Records for the exercise section start

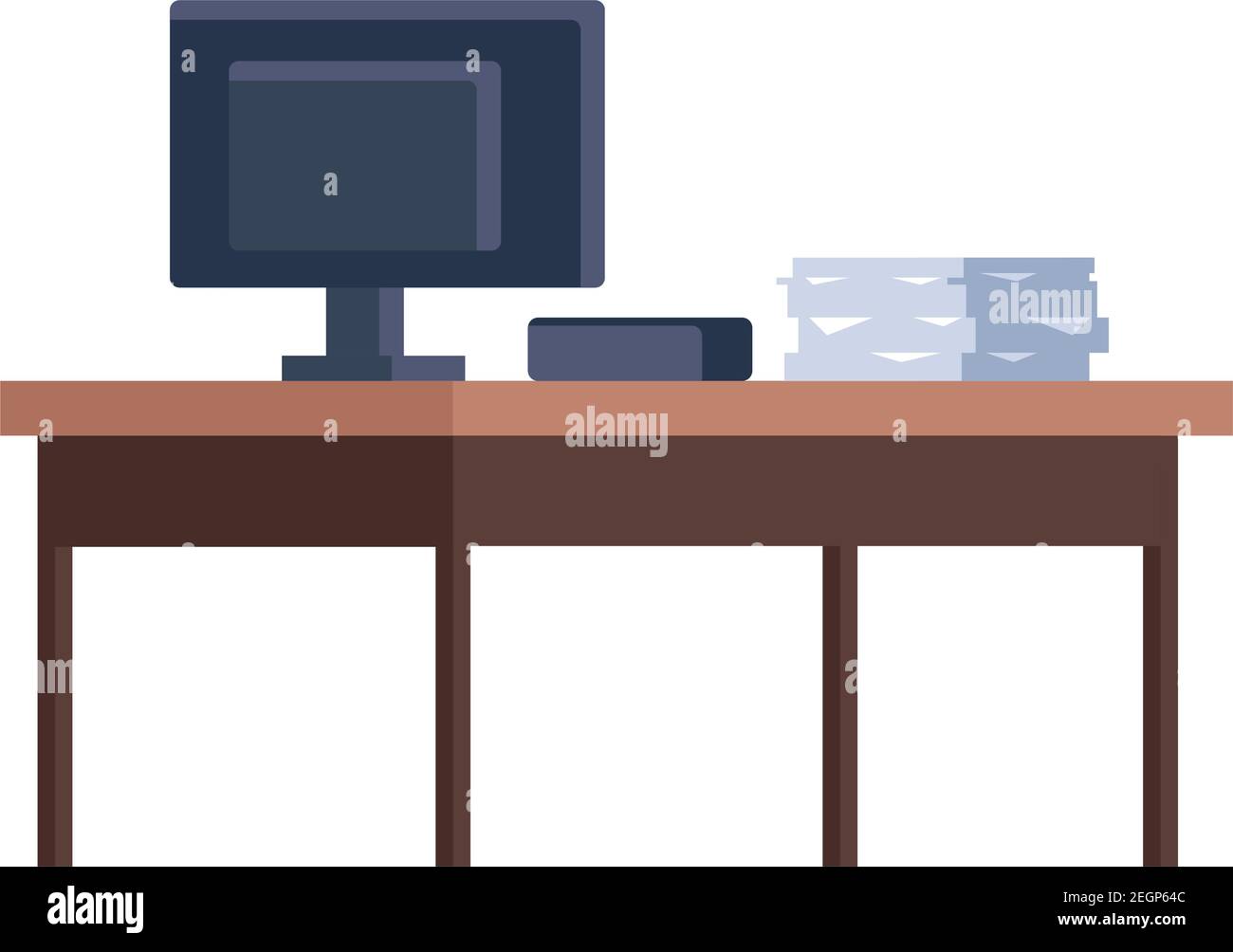 office desk with desktop and documents vector illustration design Stock ...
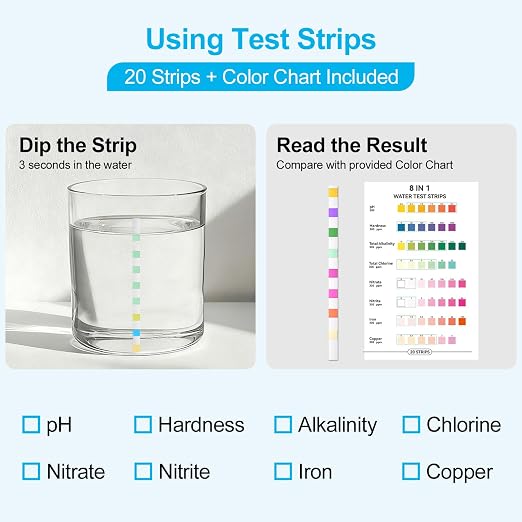 Water Test Kit - TDS Meter, 20 Test Strips (8 in 1), User Action Guide & 2 Record Sheets. Digital Water Tester for Home, Tap & Well Drinking Water.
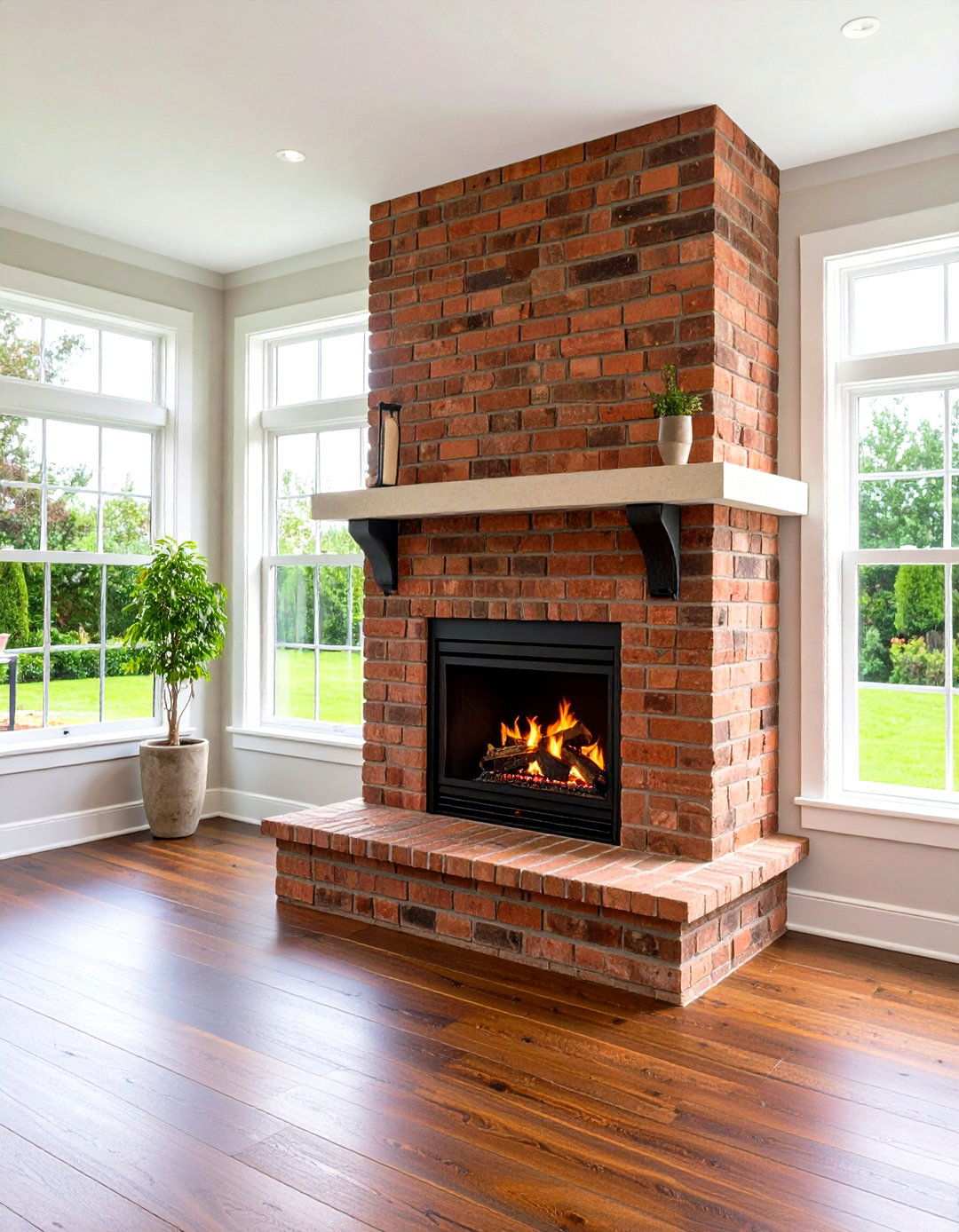 Stacked Brick Pattern Rustic Fireplace - 24 Rustic Brick Fireplace Ideas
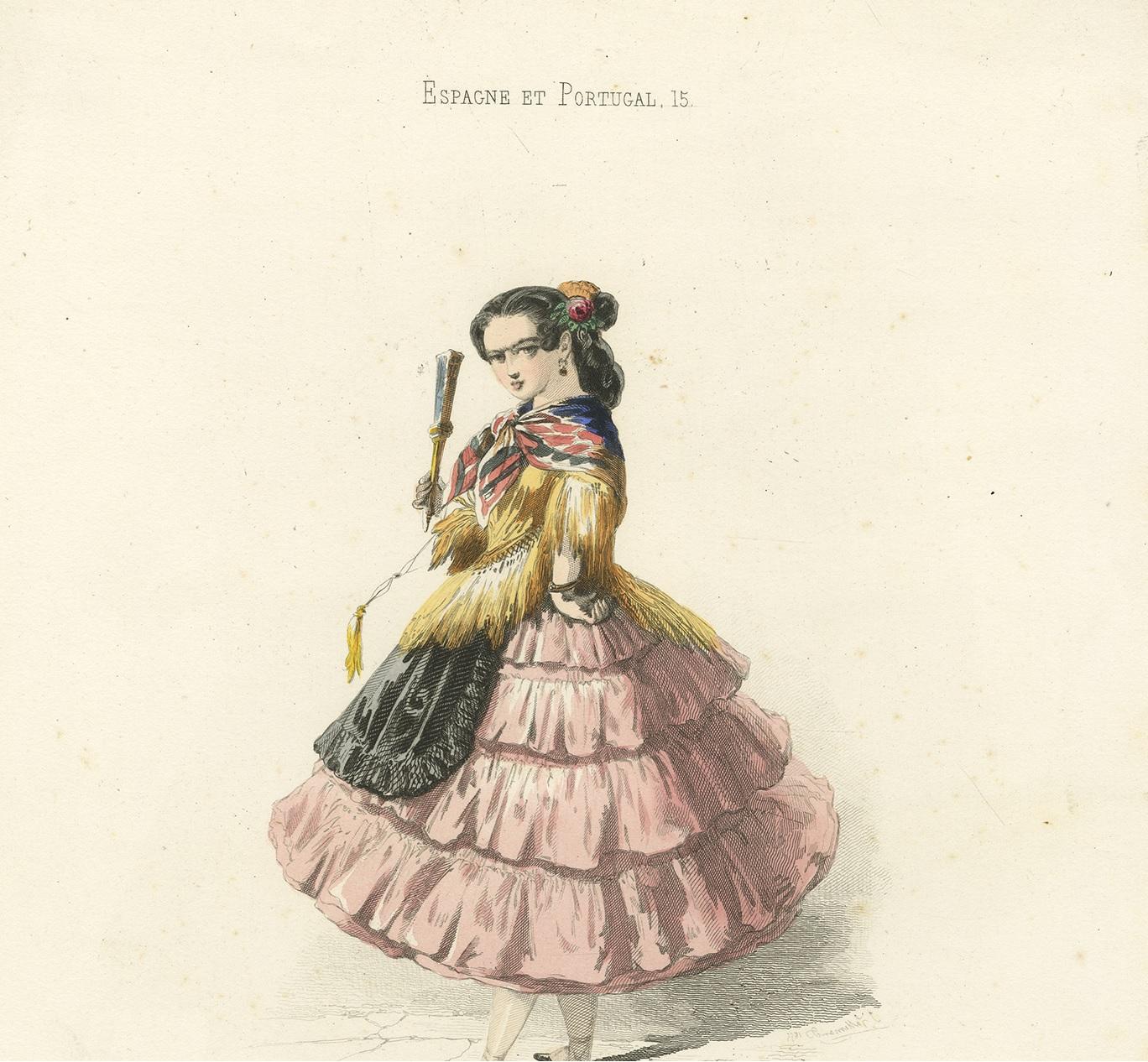 Impression de costume ancien d'une « La Manola » de Madrid, Espagne (1850) Bon état - En vente à Langweer, NL
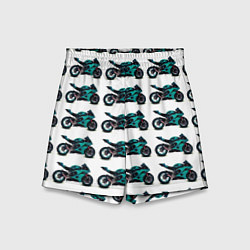 Шорты детские Motorbike light blue, цвет: 3D-принт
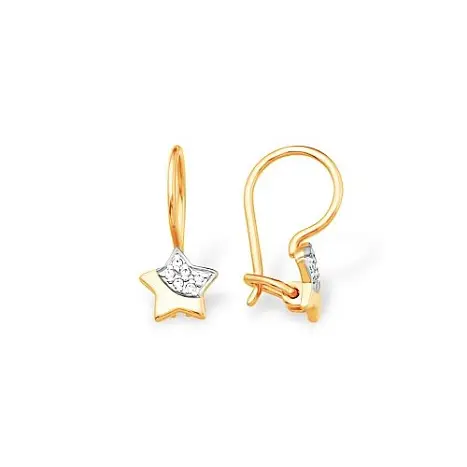 Серьги детские из красного золота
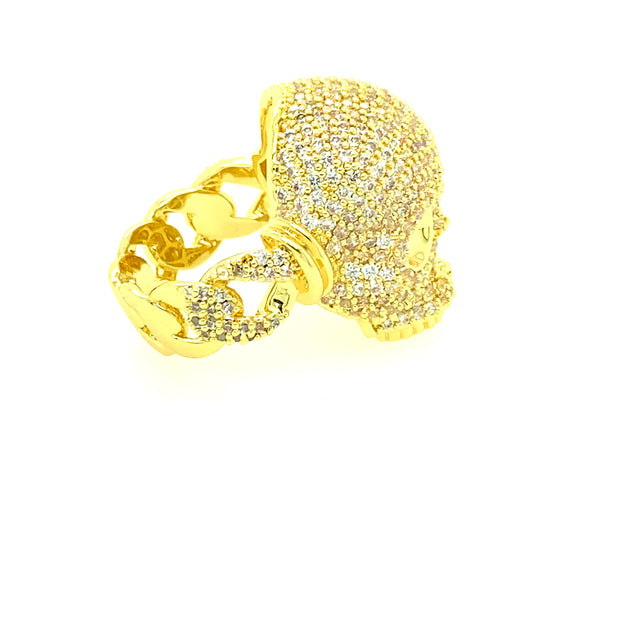 Small Skull Shape Brass Mens Ring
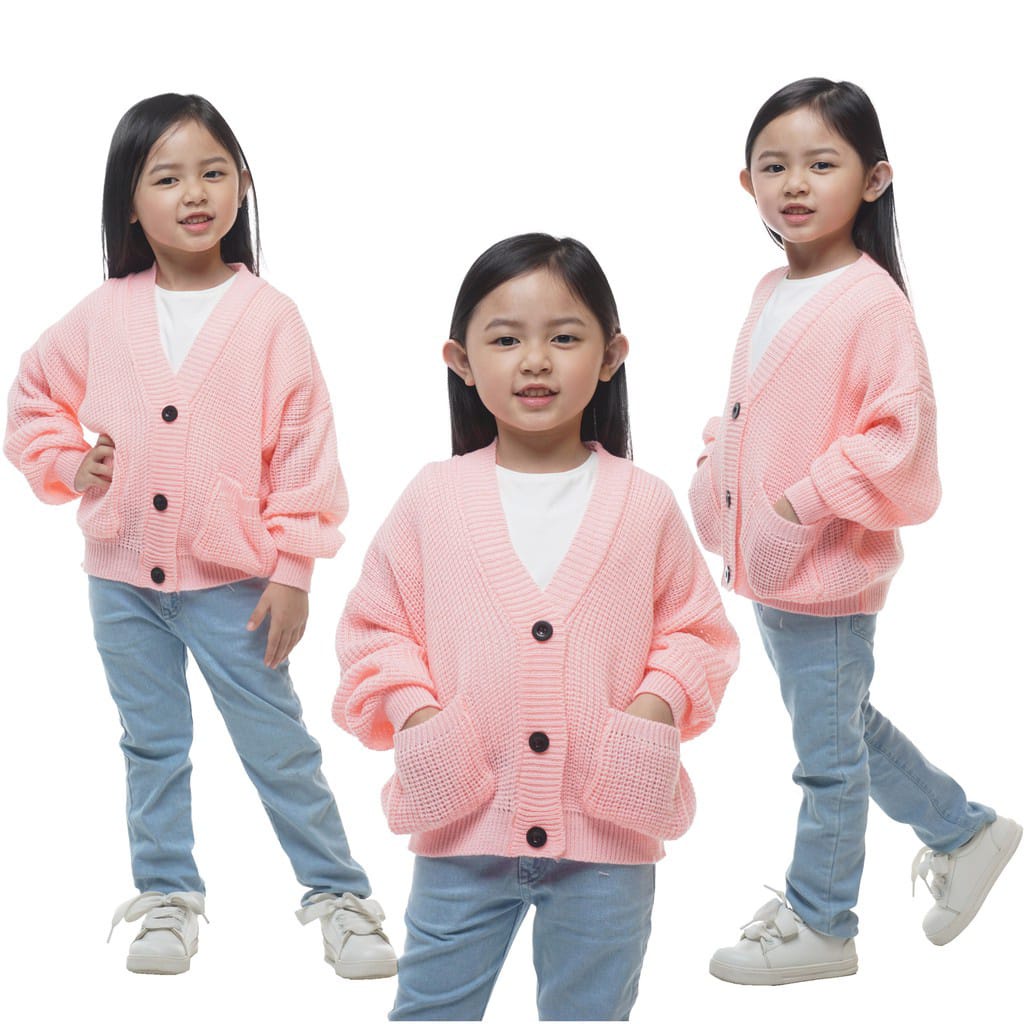 Sweater Cardigan Rajut Anak Premium 7get /Atasan rajut anak/Murah Bisa COD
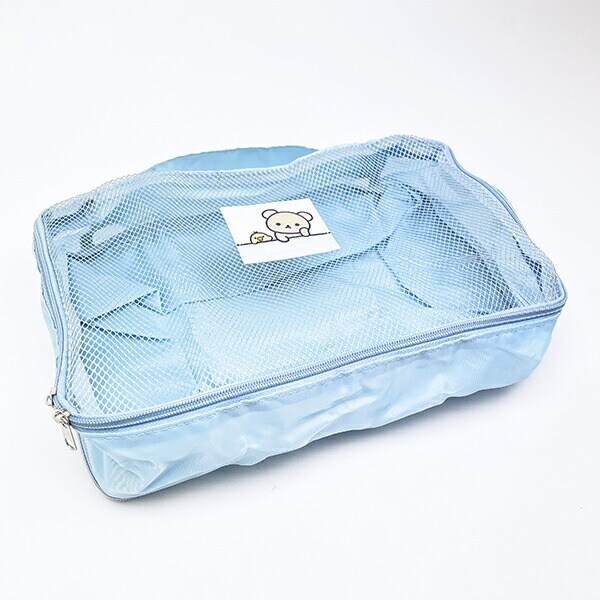 リラックマ リラックマ＆キイロイトリ 圧縮ポーチ ブルー 旅行 トラベル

Records for the exercise section end

The expected output is an exact copy of the lines from the one with "Серьги детские из красного золота" to the final line of the entries above, pictures excepted; please include both ends.

**Problem solution:**
 Серьги детские из красного золота
 Small Skull Shape Brass Mens Ring
 Sweater Cardigan Rajut Anak Premium 7get /Atasan rajut anak/Murah Bisa COD
 リラックマ リラックマ＆キイロイトリ 圧縮ポーチ ブルー 旅行 トラベル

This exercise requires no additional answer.